(Entries provided):
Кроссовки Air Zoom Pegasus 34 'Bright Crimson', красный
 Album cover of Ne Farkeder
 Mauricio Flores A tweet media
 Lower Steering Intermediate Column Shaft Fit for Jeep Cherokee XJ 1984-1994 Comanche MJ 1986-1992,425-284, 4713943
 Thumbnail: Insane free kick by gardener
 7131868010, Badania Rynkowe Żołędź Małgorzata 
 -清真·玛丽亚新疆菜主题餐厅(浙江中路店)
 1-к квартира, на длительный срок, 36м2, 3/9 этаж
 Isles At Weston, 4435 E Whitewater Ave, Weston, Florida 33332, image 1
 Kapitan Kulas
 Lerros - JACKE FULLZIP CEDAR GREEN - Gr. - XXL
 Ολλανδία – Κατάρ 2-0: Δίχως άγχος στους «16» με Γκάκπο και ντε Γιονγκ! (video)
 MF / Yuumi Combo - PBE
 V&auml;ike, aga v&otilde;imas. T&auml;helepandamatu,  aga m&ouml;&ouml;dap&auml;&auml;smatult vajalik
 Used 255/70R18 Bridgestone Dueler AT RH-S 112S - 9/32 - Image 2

(Task goal): Take the line that contains "1-к квартира, на" and every line after it through the end of the listing above, and repeat them exactly.

(Written solution):
 1-к квартира, на длительный срок, 36м2, 3/9 этаж
 Isles At Weston, 4435 E Whitewater Ave, Weston, Florida 33332, image 1
 Kapitan Kulas
 Lerros - JACKE FULLZIP CEDAR GREEN - Gr. - XXL
 Ολλανδία – Κατάρ 2-0: Δίχως άγχος στους «16» με Γκάκπο και ντε Γιονγκ! (video)
 MF / Yuumi Combo - PBE
 V&auml;ike, aga v&otilde;imas. T&auml;helepandamatu,  aga m&ouml;&ouml;dap&auml;&auml;smatult vajalik
 Used 255/70R18 Bridgestone Dueler AT RH-S 112S - 9/32 - Image 2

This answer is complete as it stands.